ANNESİNİ TRAFİK KAZASINDA KAYBETTİ
Dereağzı'na yerleştirilen 13 yaşındaki Merih, ertesi yıl annesi Fatma Hanım'ı trafik kazasında kaybeder. Büyük acıdır, hele o yaştaki bir çocuk için. Karamürsel'deki cenazeye takım arkadaşları, hocaları katılır, acısını hafifletmeye çalışırlar.
Merih'in yolu giderek açılmaktadır. U13'ten U21'e kadar her kademede forma giyer. Daha 16 yaşında U21 takımında oynatılır. Milli forma da sıradadır. U19 Milli Takım'na seçilir. Altyapı sorumlusu Şenol Çorlu, Merih'e mim koyar ve A takıma önerir. Sezon 2015-16, hoca Pereira'dır.
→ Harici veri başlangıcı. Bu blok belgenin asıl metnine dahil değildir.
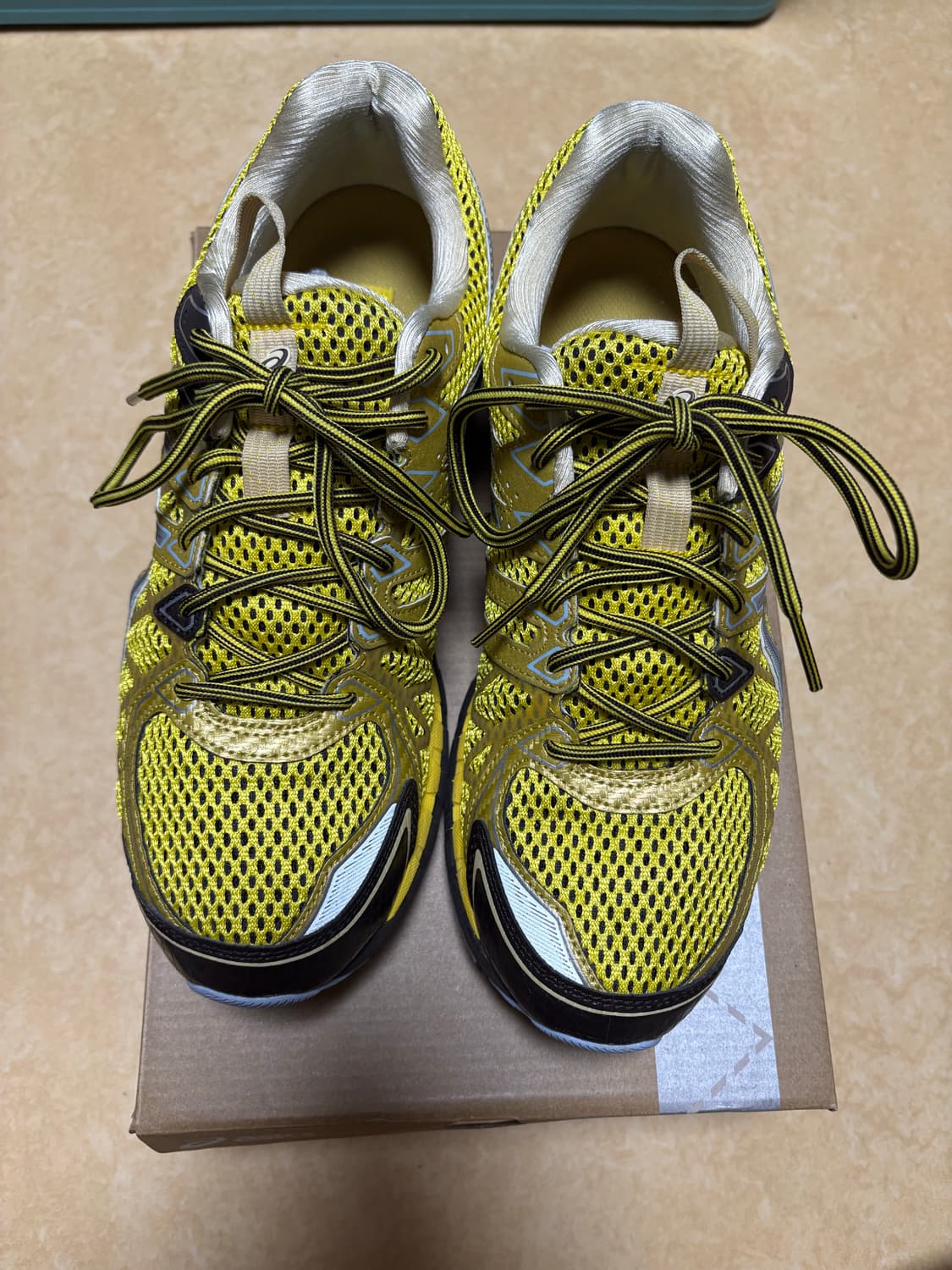 아식스 키코 스튜디오 젤 카야노 20 옐로우 판매! 상품이미지3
Fenerbahçe altyapısında Merih'e çok şeyler katan hocası Semih Özü'yü Fransa maçının son düdüğü çalar çalmaz arayıp, öğrencisini sorduk. Heyecanla anlattı:
"Çok terbiyeli, beyefendi bir çocuktur. Dikkat ederseniz saçları sıfır numaradır. Bu bir haykırıştır. Düşünün, gencecik yaşta F.Bahçe forması giyiyorsunuz, A takımla antrenmana çıkıyorsunuz. Bütün kızların ilgi odağı olmaz mısınız? Normalde o yaşta bu konumda olan her genç saçını uzatır, küpe takar. Ama Merih'in saçları hep sıfırdır. O kepçe kulakları ortaya çıkınca daha sevimli olur. Bu sıfır tıraş onun sadece futbola odaklandığının belgesidir."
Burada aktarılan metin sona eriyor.